Just a head of iceberg lettuce and a fork, please
March 22, 2010 1:30 PM   Subscribe

I am in the midst of applications for professional positions in my field. Often the people doing the hiring will fly interview candidates out to their location for a day-long interview process, which includes meals with people on the search committee. How can I gracefully request that they accommodate my vegan diet?

I've considered not mentioning it and just making do, but that could cause two problems:

1. We end up at the Beef & Cheese Palace and there's nothing I can eat--the committee feels bad & I look rude.
2. Sometimes all I can eat at a restaurant is a side salad and some fries. This would be a...weird choice for a job interview, no?

I don't want to ruffle any feathers or seem demanding, so how should I make this request without hurting my chances?
posted by Fui Non Sum to Work & Money (10 answers total) 2 users marked this as a favorite
Ask to do something other than have a meal. Say your dietary requirements preclude it. For all they know there's some medical or religious reason that you can't have food.

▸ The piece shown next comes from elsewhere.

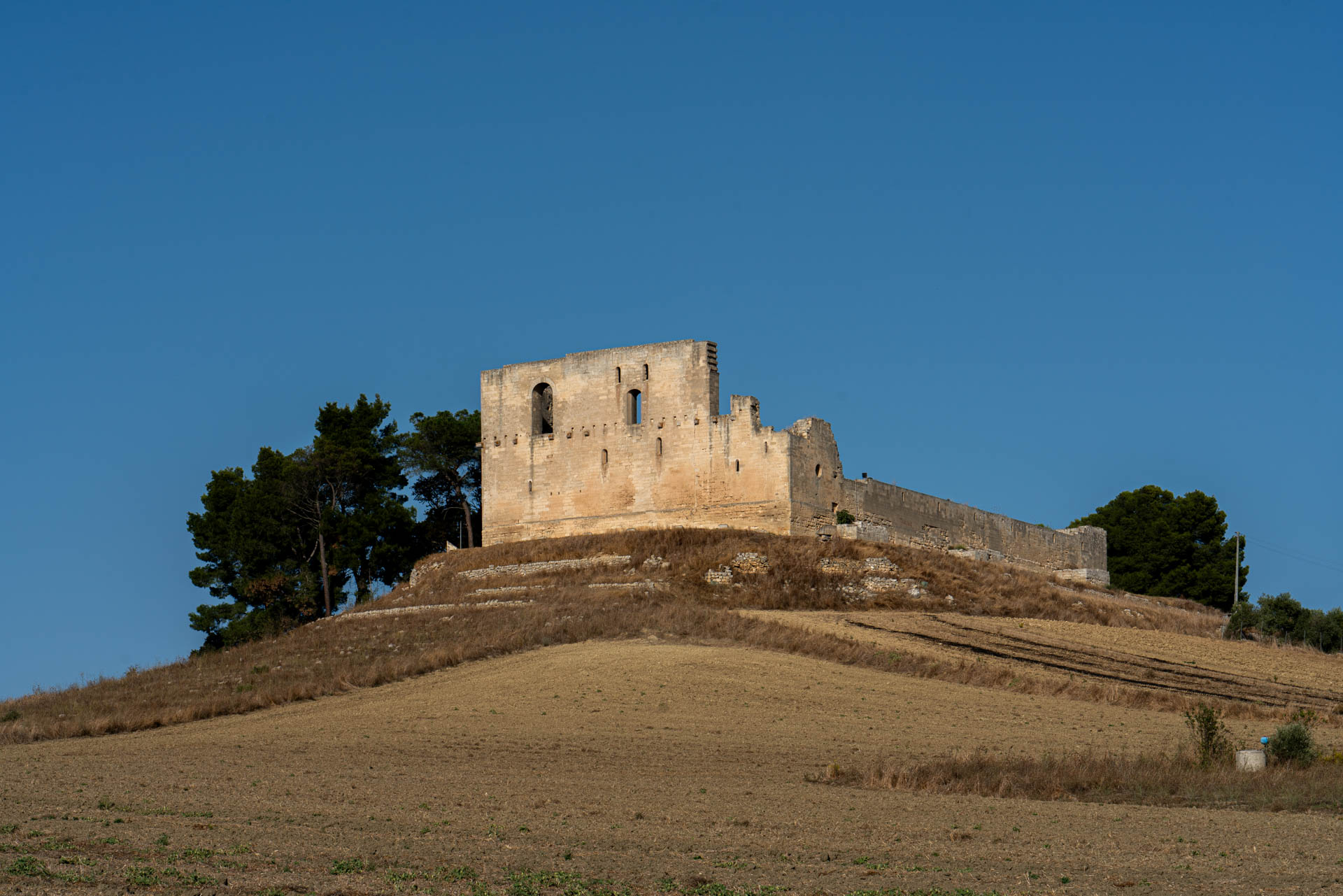La rete dei castelli di Federico II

Those who press you are not people for whom you want to work.

posted by dfriedman at 1:32 PM on March 22, 2010

Being vegan is no big deal, particularly in the academic world or in certain parts of the country (read: hippie enclaves).

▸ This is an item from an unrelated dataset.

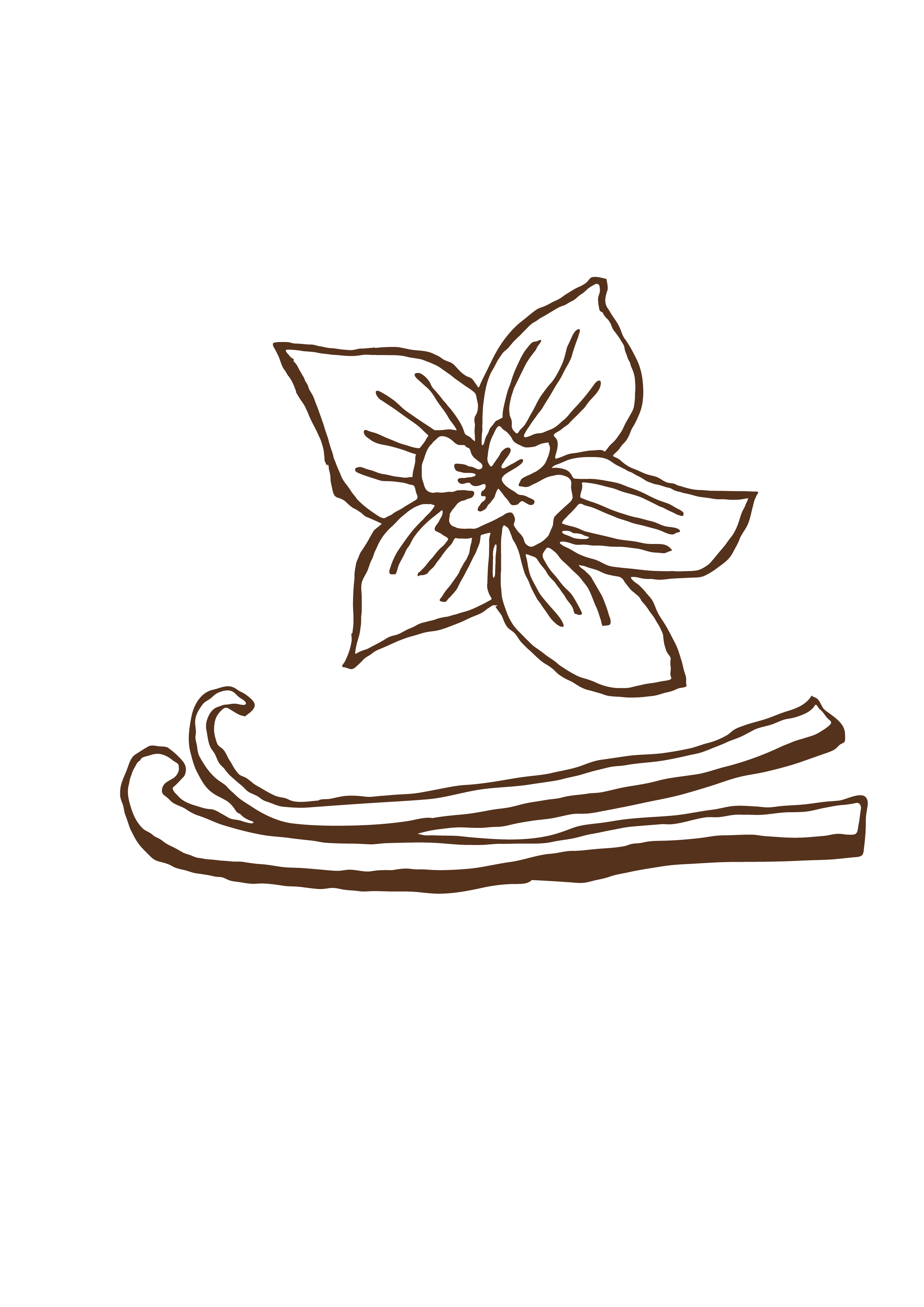 ILLUSTRATIONS_VANILLA COLOR.png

First off, you shouldn't worry about this unless they explicitly say to you, "There will be lunch involved."

I should also hope that they would ask you before you would have to tell them; that's what we try to do when we're doing interviews or have visiting folks.

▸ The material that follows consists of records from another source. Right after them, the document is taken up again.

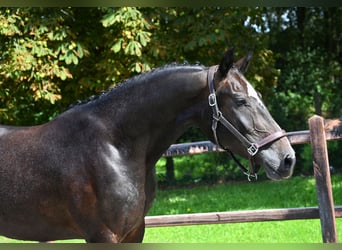 Belgian Warmblood, Gelding, 3 years, 15.3 hh, Gray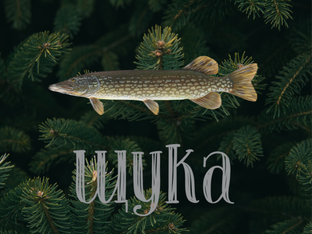 Щука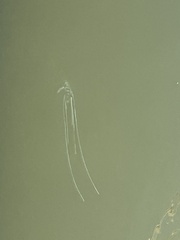 Alectis ciliaris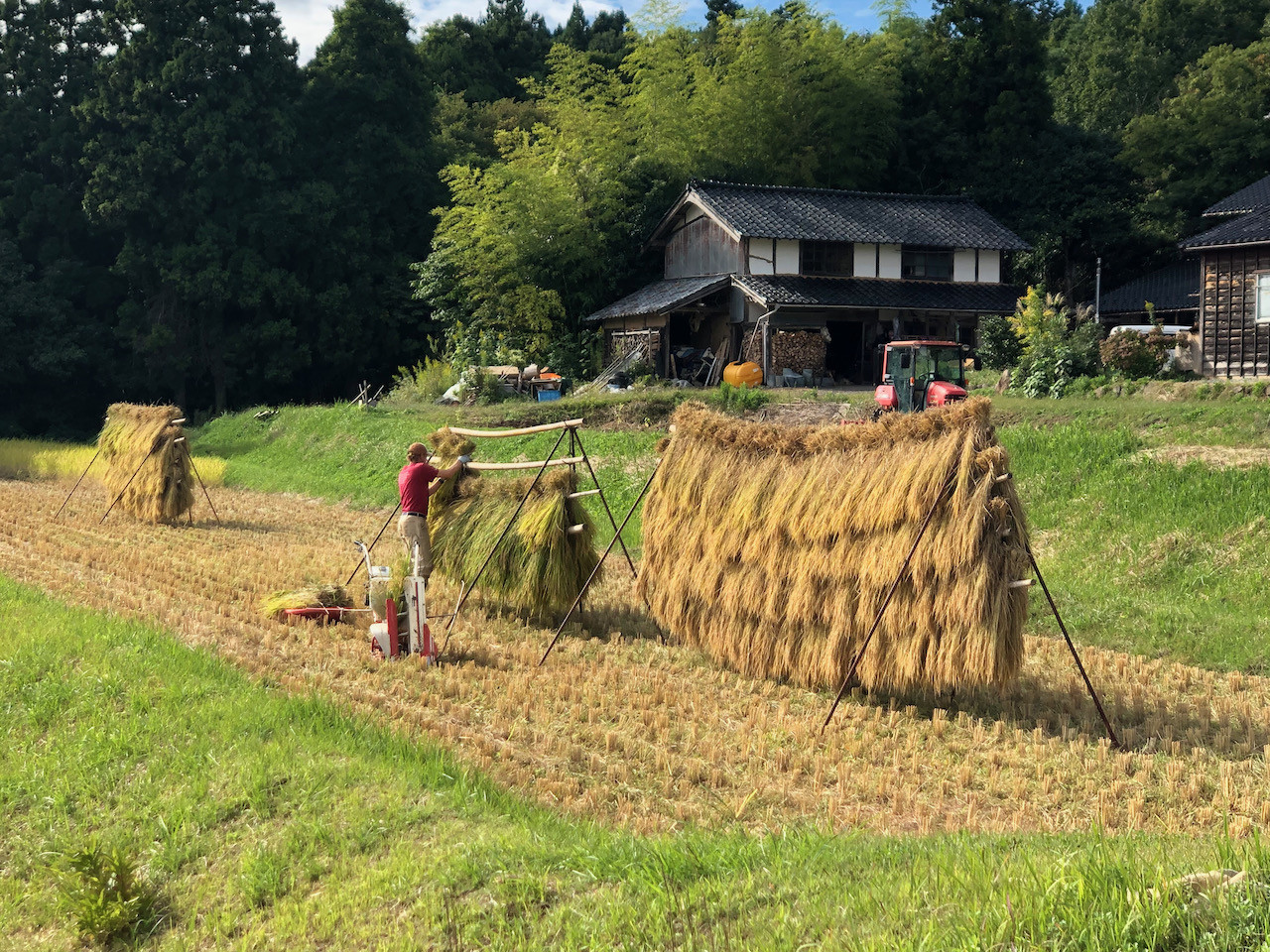 米づくりをしています。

But if not, you should feel free to say, when a meal is mentioned (or at least a day-long interview process during which there should be a time for a meal with the committee or not), that you are vegan and would like to know of some options. It shouldn't be a big deal, but if it is... well, there you go; your process has just gotten simpler.
posted by Madamina at 1:39 PM on March 22, 2010

I'd expect them to ask about dietary restrictions when they make all the other arrangements. People needing certain types of food for various reasons is pretty common and in my experience day long things like they generally ask.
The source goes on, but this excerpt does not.